Mallory and I were built-in buddies simply because of our closeness in age. But we were very contrary to each other growing up. Make no mistake, we always had each others backs (her more than me as she’s always been a stronger, more fierce person than I am) and we always comforted each other. I remember times in high school when we could barely form a civil sentence towards each other but the minute one of us was sick or sad, we’d cuddle up together and just be there – silently.

We spent a month traveling together in Belize in our early twenties and damn near killed each other by the end of it. Nevertheless, that month with her and the memories we made are some of my most cherished. At that time in our lives, Mallory and I experienced extremes in our relationship all the time – extreme anger and irritation, extreme laughter and joy, there was little in between. Now it’s almost always laughter and joy with a little irritation thrown in now and again just to keep things in check. I mean, no relationship is perfect!

When my sister was close to having her son she asked me if I would be there at her home birth. I was absolutely shocked that she asked me and not one of her close female friends. More than shocked, I was honored. Being there at that birth changed our entire relationship. And it changed her, as motherhood is wont to do.

Since Ayuba’s birth,  my sister has become one of my best friends and one of the people in my life I cherish the most. We’ve seen each other through some very difficult things over the course of our 2012lives. The foundation of our relationship was laid the moment she was born, but it’s just becoming more and more solid.

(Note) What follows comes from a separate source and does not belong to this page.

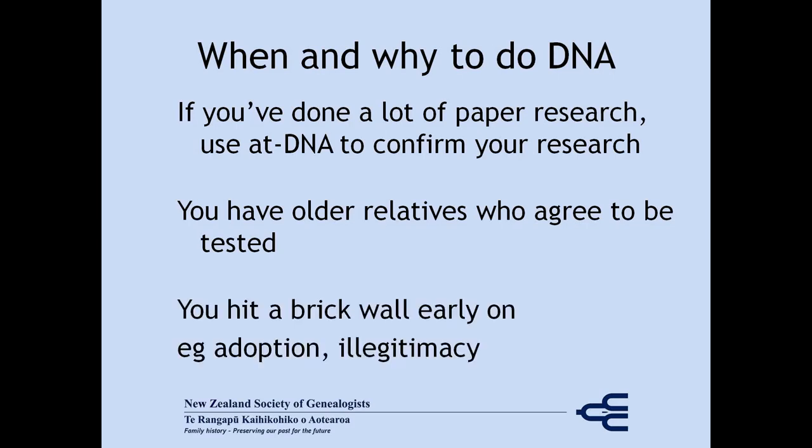Another time to start early is when you hit a brick wall in your near family — I'm talking yourself, parents, grandparents — either by adoption or illegitimacy. Be aware that you may not get conclusive results if you're trying to solve an adoption or illegitimacy in generations further back than your grandparents.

I have this reoccurring dream where I’m an old lady. I’m talking ancient. And I’m sitting on a porch surveying what’s in front of me. Sometimes it’s a beach, sometimes the mountains, sometimes it’s hazy and I can’t make out the scene. But the constant is Mallory next to me – the woman who knows me in a way so many can’t ever and there’s a sense of peace in those dreams. At that point in our lives, no one will have known me longer. No one else will have been there through it all. I am so incredibly fortunate to have a person like that in my life.